Allpix Squared uses ROOTs TRef objects to store the persistent links of the simulation object history. These references act similar to C pointers and allow accessing the referenced object directly without additional bookkeeping or lookup of indices. Furthermore they persist when being written to a ROOT file and read back to memory. ROOT implements this via a central lookup table that keeps track of the referenced objects and their location in memory as described in the ROOT documentation.

This approach comes with some drawbacks, especially in multithreaded environments. Most importantly the lookup table is a global object, which means mutexes are required for accessing it. Multiple threads generating or using TRef references will have to share this mutex and will consequently be subject to significant waiting for lock release. Furthermore generating more and more TRef relations over the course of a simulation will increase the size of the central reference table. This table is initialized with a fixed size, and once the number of TRef objects outgrows this pre-allocated space, new memory has to be acquired, leading to a reallocation of memory for the entire new size of the table. With potentially millions of entries, this quickly becomes a computationally expensive operation, slowing down the simulation significantly.

Allpix Squared solves these limitations by wrapping the TRef objects into a class called PointerWrapper. It contains both a direct, but transitional C pointer and a TRef to the referenced object. The latter, however, is only generated when required, i.e. if the object holding the PointerWrapper as well as referenced object are going to be written to file. This is achieved by first going through all relevant objects, marking them for storage:

for(auto& object : objects) {
    object.markForStorage();
}

Now, the required history references can be identified and TRef objects are generated only for relations between two objects that are both marked for storage:

for(auto& object : objects) {
    object.petrifyHistory();
}

Objects can now be written to file and will contain the persistent reference to the related object.

This approach solves the above problems. File writing has to be performed single-threaded anyway, so generating TRef objects on the same thread does not lead to additional locking of the central reference table mutex in root. In addition, TRef entries are only generated and stored in the table for objects that require it - all references to objects not to be stored will be nullptr in either case since the target object is not available anymore when reading in the data. Since now the generation of TRef objects and access to the reference table is performed by a single thread and one single event at a time, it is also possible to reset the ROOT-internal object ID of TRef references after the event has been processed. The subsequent event will reuse the same IDs again, preventing a continuous growth of the reference table and related memory re-allocation issues.

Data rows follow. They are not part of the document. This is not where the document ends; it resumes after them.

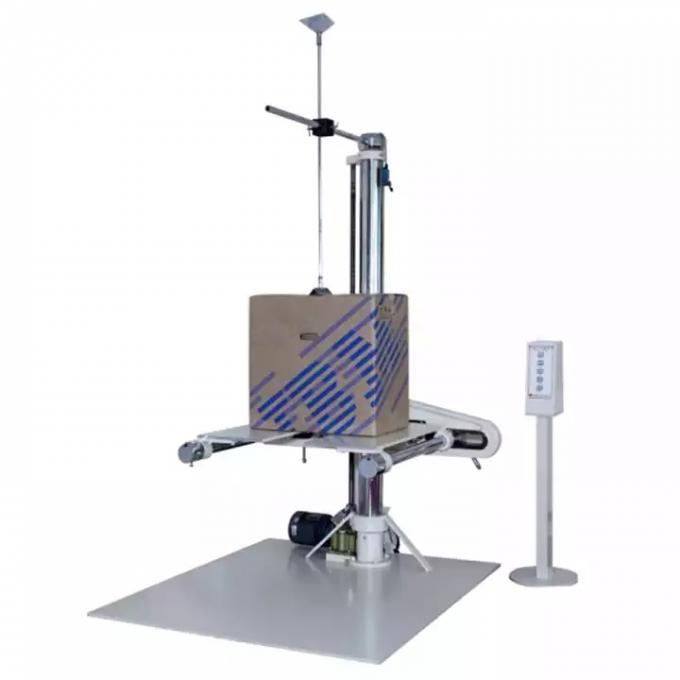 Alta precisione 0 dell'attrezzatura della prova di urto del ± 10% 50hz Sensorball di AC380v
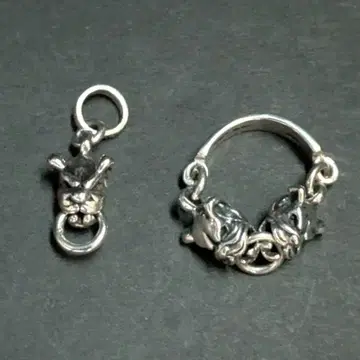 ROYAL ORDER 로얄 오더 미니 핏불 세트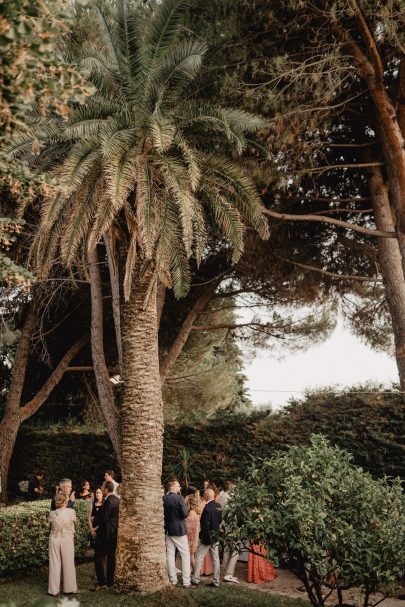 Un mariage bohème à l'Auberge du Rédier dans les Alpes Maritimes - Photos : Clarisse et Johan - Blog mariage : La mariée aux pieds nus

As a consequence, when reading objects back from file in a multithreaded environment, the TRef has to be converted back to a C memory pointer in the reading thread, both to prevent mixing of re-used TRef object IDs from different events and to avoid locking access to the central reference table when looking up the memory location from there. This is performed similarly to the generation of history relations, and here only relations to valid TRefs are loaded, other relations will hold a nullptr:

for(auto& object : objects) {
    object.loadHistory();
}

For single-threaded applications such as ROOT analysis macros, this step is not necessary and the reference will be lazy-loaded when accessed, i.e. the TRef reference will be converted to a direct raw pointer only when actually used. Since events are processed sequentially and memory is freed between events, no mixing of IDs occurs.